Setelah wafatnya Beliau pada 15 ramadhan 1425 H / 2004 M, maka pemahaman Wahabi menguasai seluruh wilayah kerajaan Saudi.
Ayah dan kakek beliau, adalah ketua para khatib dan da’i di kota Makkah. Demikian juga dengan Abuya, profesi tersebut digeluti yakni sejak tahun 1971 dan harus berakhir pada tahun 1983, saat beliau dicekal dari kedudukan terhormat itu akibat penerbitan kitabnya yang berjudul; Mafahim Yajibu an Tushahhhah (Pemahaman-Pemahaman yang Harus Diluruskan), sebuah kitab yang banyak meluruskan paham yang selama ini diyakini oleh ulama-ulama Wahabi. Paham Wahabi sangat menguasai keyakinan mayoritas ulama Saudi Arabia dan mempunyai peran pesar dalam mempengaruhi kebijakan-kebijakan pemerintah.
Setelah pencekalan beliau dari pengajian umum dan khutbah, beliau mendedikasikan dirinya dalam pendidikan secara privat kepada ratusan murid-muridnya, dengan penekanan murid-murid dari Asia Tenggara, di kediaman di jalan Al Maliki di distrik Rushaifah Makkah sampai beliau wafat.

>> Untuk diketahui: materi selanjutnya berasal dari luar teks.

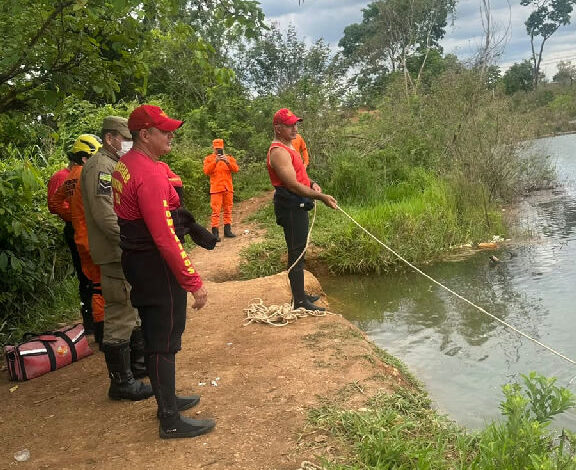 Bombeiros localizam corpo de homem submerso em lago de goiania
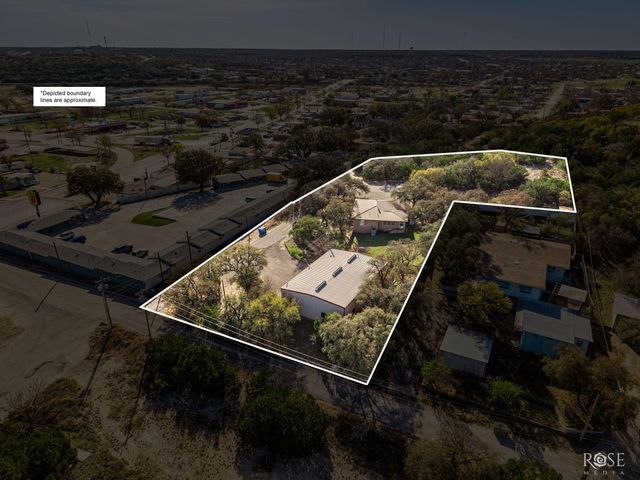 307 W 8th Street, Sonora, TX 76950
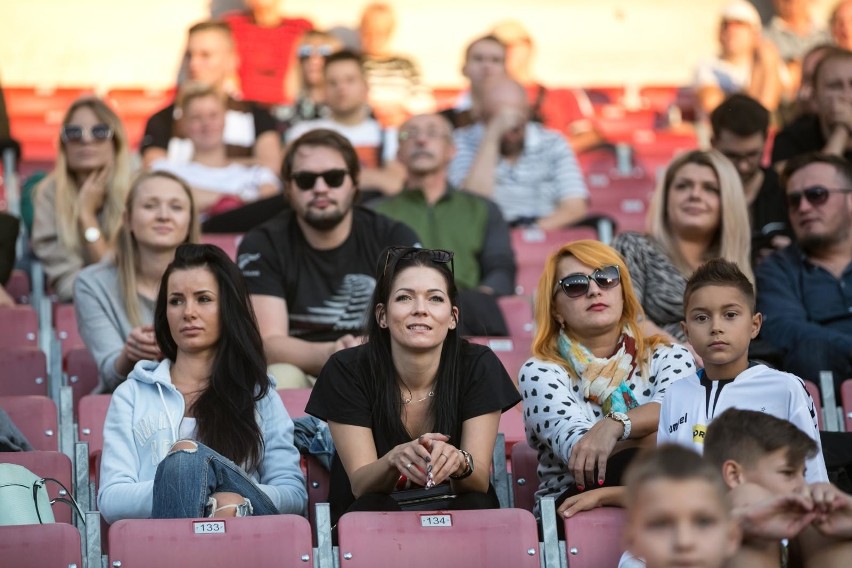 I liga piłkarska. Kibice na meczu Garbarni Kraków z Chrobrym Głogów [ZDJĘCIA]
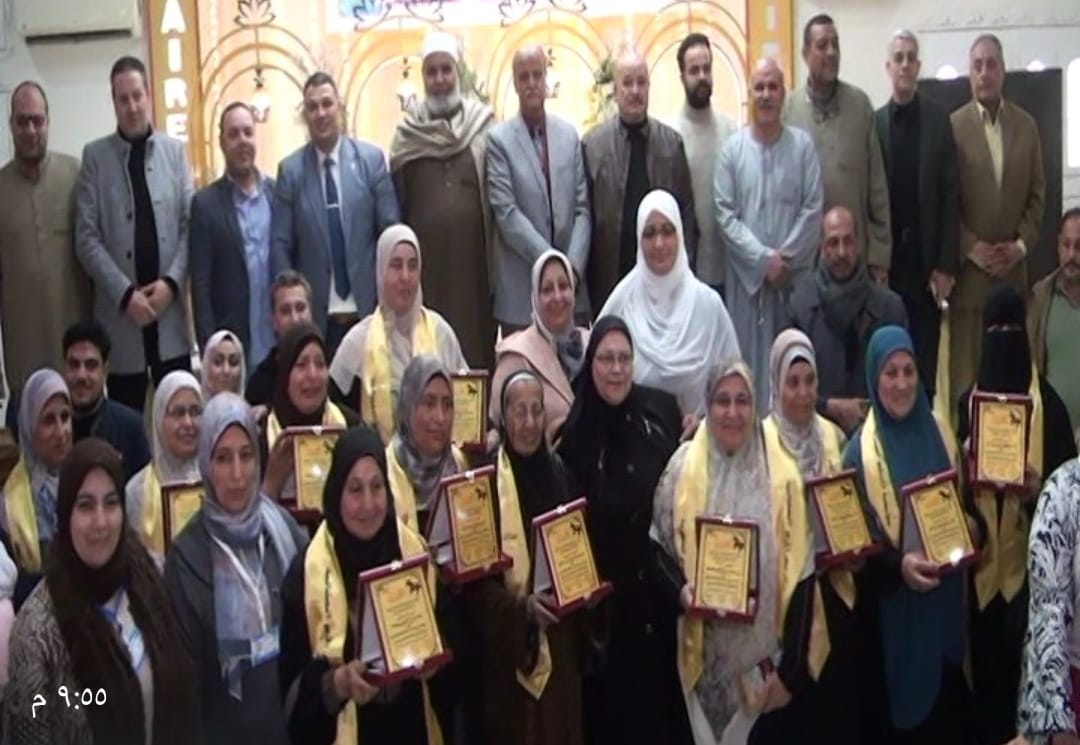 ” 8″رحلات عمرة واجهزة كهربائيه وجوائز ماليه للأمهات المثاليات في احتفالية “الادهم” بأشمون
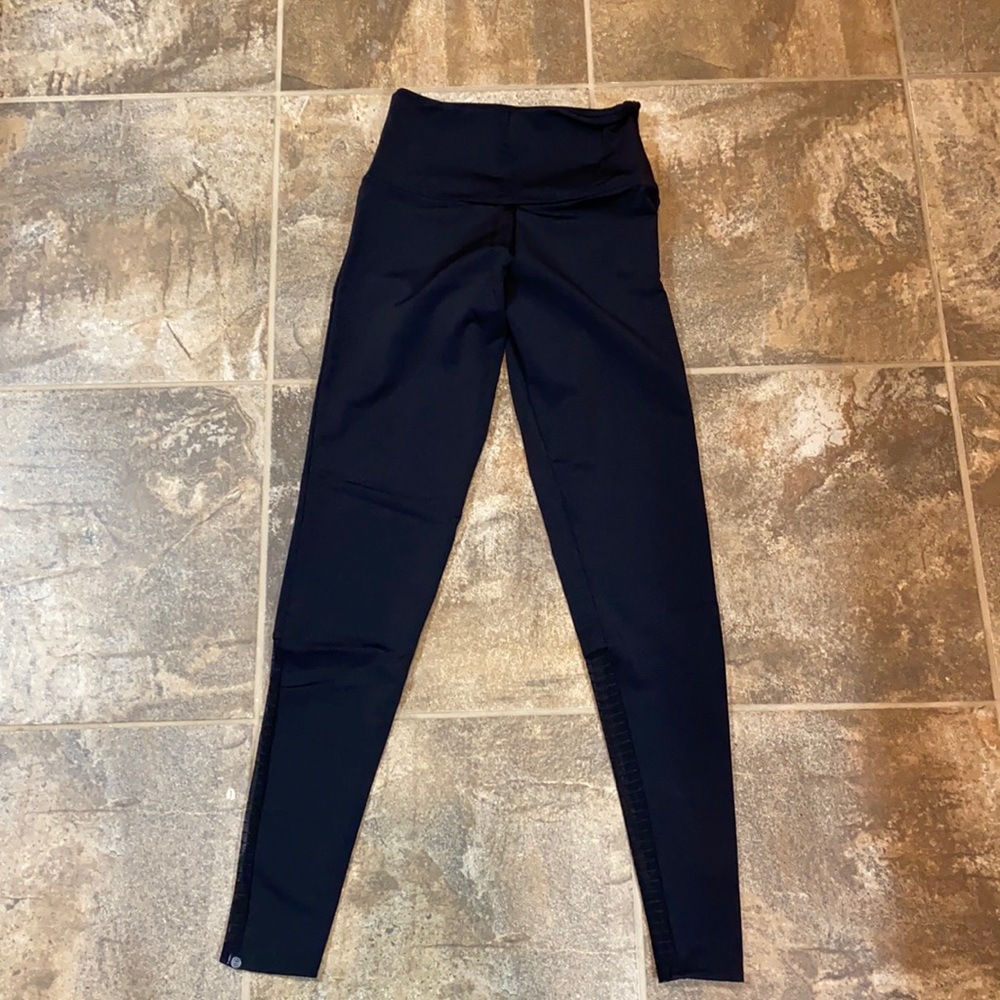 Onzie Women’s leggings like brand new!XS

Berikut cuplikan tulisan Beliau,
LARANGAN MENJATUHKAN VONIS KUFUR ( TAKFIR )
SECARA MEMBABI BUTA
Banyak orang keliru dalam memahami substansi faktor-faktor yang membuat seseorang keluar dari Islam dan divonis kafir. Anda akan menyaksikan mereka segera memvonis kafir seseorang hanya karena ia memiliki pandangan berbeda. Vonis yang tergesa-gesa ini bisa membuat jumlah penduduk muslim di dunia tinggal sedikit. Kami, karena husnuddzon, berusaha memaklumi tindakan tersebut serta berfikir barangkali niat mereka baik. Dorongan kewajiban mempraktekkan amar ma’ruf nahi munkar mungkin mendasari tindakan mereka. Sayangnya, mereka lupa bahwa kewajiban mempraktekkan amar ma’ruf nahi munkar harus dilakukan dengan cara-cara yang bijak dan tutur kata yang baik ( bil hikmah wal mau’idzoh al – hasanah ).
Jika kondisi memaksa untuk melakukan perdebatan maka hal ini harus dilakukan dengan metode yang paling baik sebagaimana disebutkan dalam QS. Al-Nahl : 125, yang artinya:
“Serulah ( manusia ) kepada jalan Tuhan-mu dengan hikmah dan pelajaran yang baik dan bantahlah mereka dengan cara yang baik”.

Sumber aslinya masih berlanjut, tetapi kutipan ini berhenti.